_DATA TO PROCESS_
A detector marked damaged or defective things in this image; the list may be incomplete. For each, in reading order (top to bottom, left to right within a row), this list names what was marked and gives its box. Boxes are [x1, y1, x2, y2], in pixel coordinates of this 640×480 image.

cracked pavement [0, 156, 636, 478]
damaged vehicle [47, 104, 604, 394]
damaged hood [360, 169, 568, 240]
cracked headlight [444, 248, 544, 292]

_ASSIGNED TASK_
Without any change, reproduce the listing above in full.

_EXERCISE OUTPUT_
A detector marked damaged or defective things in this image; the list may be incomplete. For each, in reading order (top to bottom, left to right within a row), this list names what was marked and gives its box. Boxes are [x1, y1, x2, y2], in pixel coordinates of this 640×480 image.

cracked pavement [0, 156, 636, 478]
damaged vehicle [47, 104, 604, 394]
damaged hood [360, 169, 568, 240]
cracked headlight [444, 248, 544, 292]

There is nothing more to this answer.